Given information:
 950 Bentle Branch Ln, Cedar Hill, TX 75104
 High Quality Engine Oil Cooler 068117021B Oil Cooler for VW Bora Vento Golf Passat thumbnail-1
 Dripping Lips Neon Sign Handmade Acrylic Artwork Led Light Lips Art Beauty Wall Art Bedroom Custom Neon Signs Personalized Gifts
---
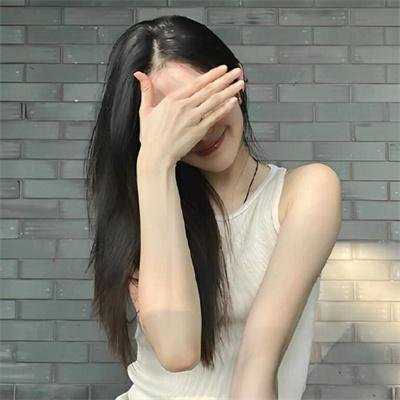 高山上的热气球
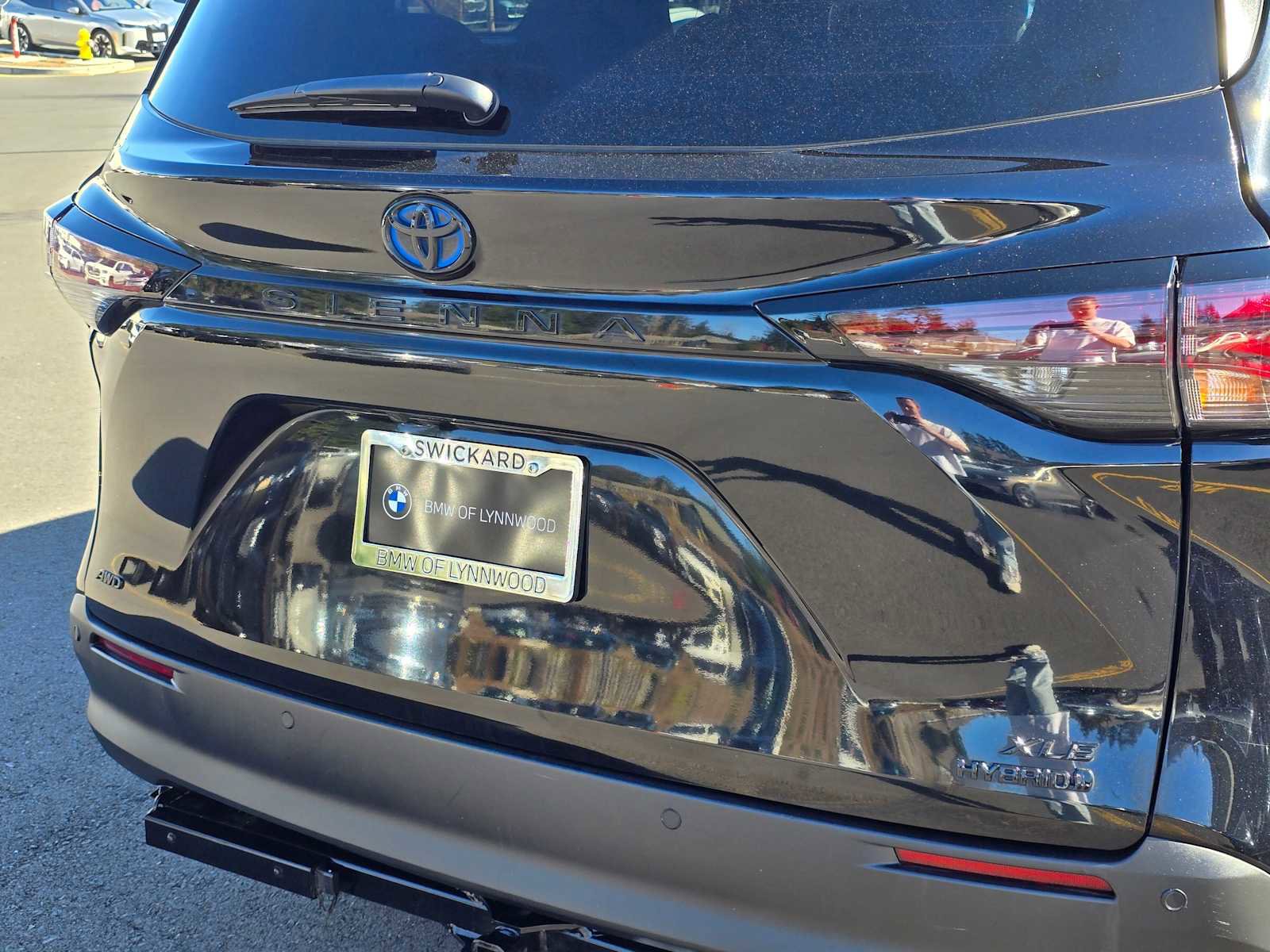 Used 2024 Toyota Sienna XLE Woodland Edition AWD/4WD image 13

Task directions:
Where the listing above has a line with "High Quality Engine", start there, and output every line exactly through the line with "Dripping Lips Neon", which is also included.

Task answer:
 High Quality Engine Oil Cooler 068117021B Oil Cooler for VW Bora Vento Golf Passat thumbnail-1
 Dripping Lips Neon Sign Handmade Acrylic Artwork Led Light Lips Art Beauty Wall Art Bedroom Custom Neon Signs Personalized Gifts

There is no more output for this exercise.